**Scraped caption text data:**
+++

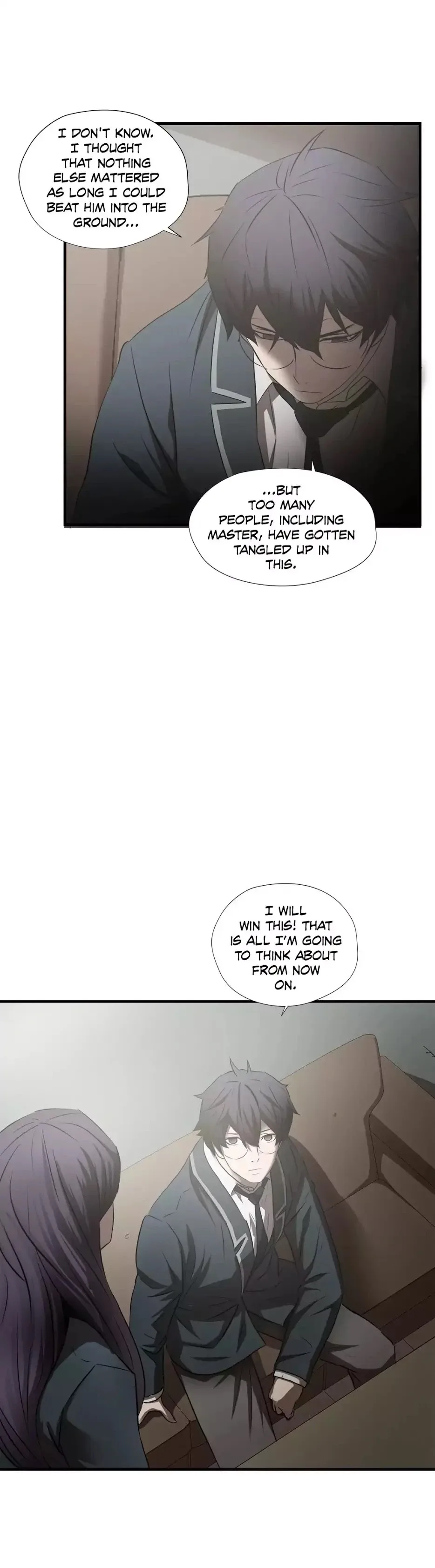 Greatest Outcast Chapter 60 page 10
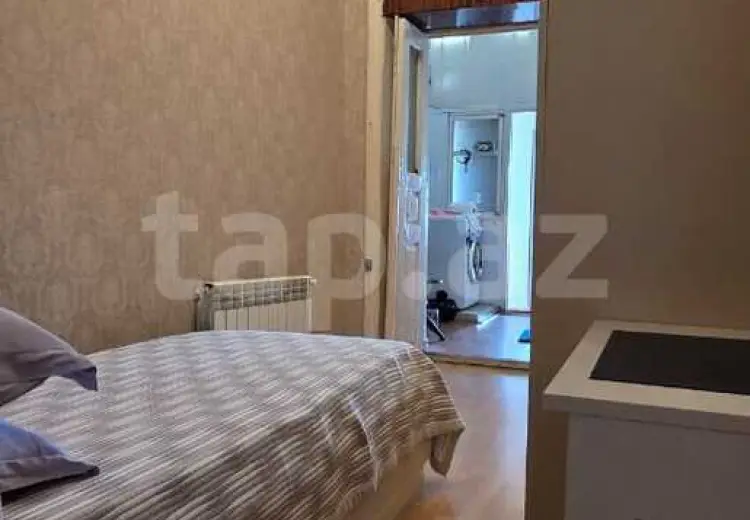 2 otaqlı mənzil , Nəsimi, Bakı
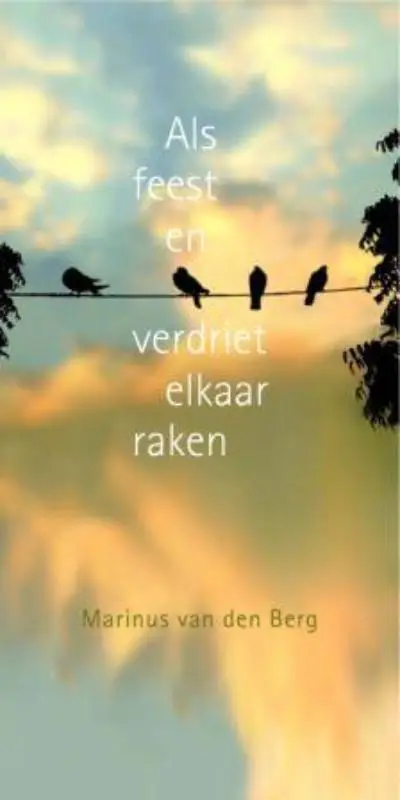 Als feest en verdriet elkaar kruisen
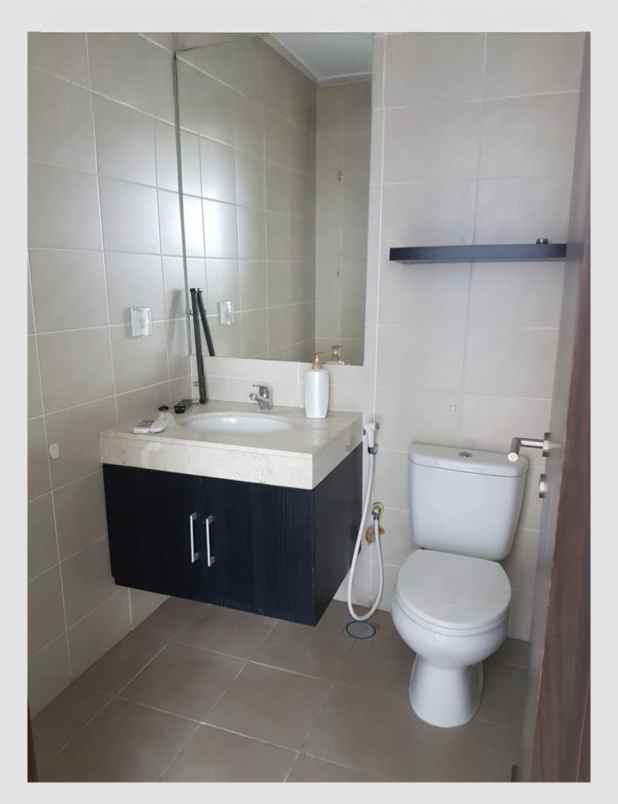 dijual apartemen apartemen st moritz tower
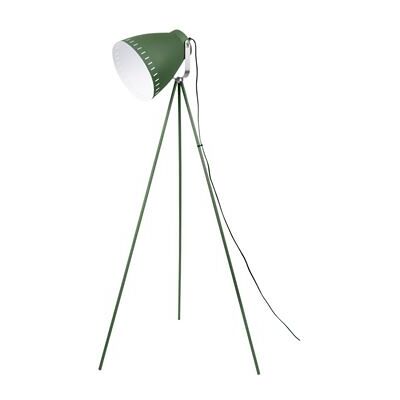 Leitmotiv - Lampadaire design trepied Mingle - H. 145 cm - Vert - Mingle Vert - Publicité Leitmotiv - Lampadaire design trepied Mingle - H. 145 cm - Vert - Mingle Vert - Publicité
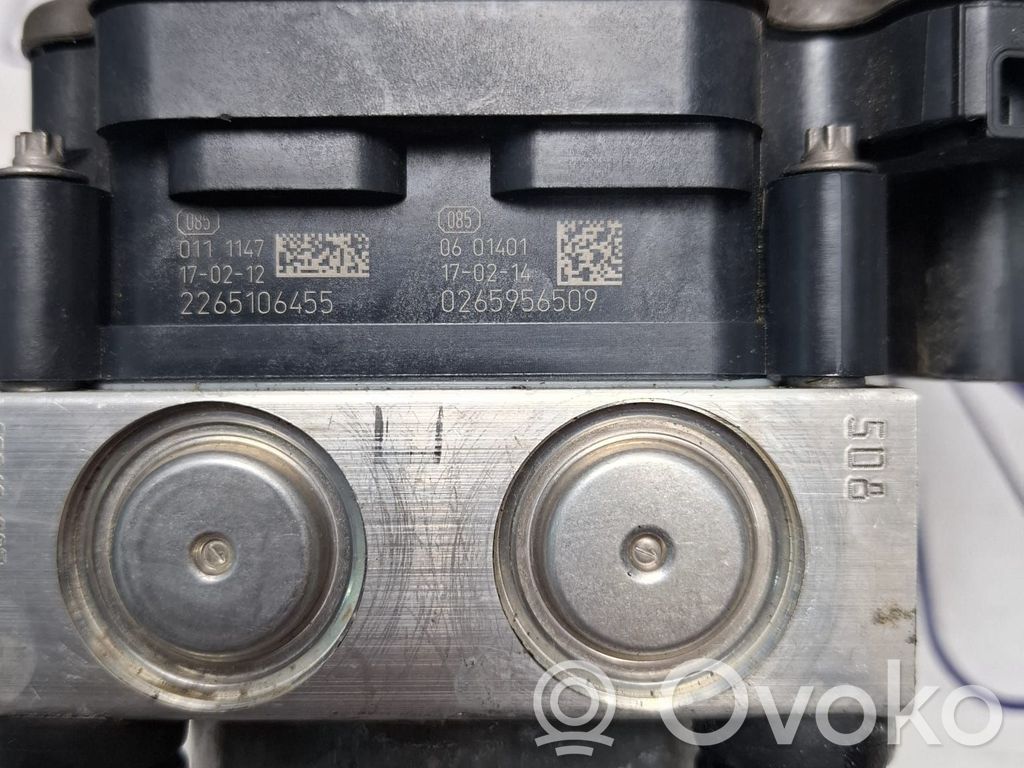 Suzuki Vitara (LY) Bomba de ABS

+++

Leaving out the pictures, please output the lines in the entries above from the one with "2 otaqlı mənzil , Nəsimi, Bakı" through the one with "- Publicité Leitmotiv", exactly as they are.

 2 otaqlı mənzil , Nəsimi, Bakı
 Als feest en verdriet elkaar kruisen
 dijual apartemen apartemen st moritz tower
 Leitmotiv - Lampadaire design trepied Mingle - H. 145 cm - Vert - Mingle Vert - Publicité Leitmotiv - Lampadaire design trepied Mingle - H. 145 cm - Vert - Mingle Vert - Publicité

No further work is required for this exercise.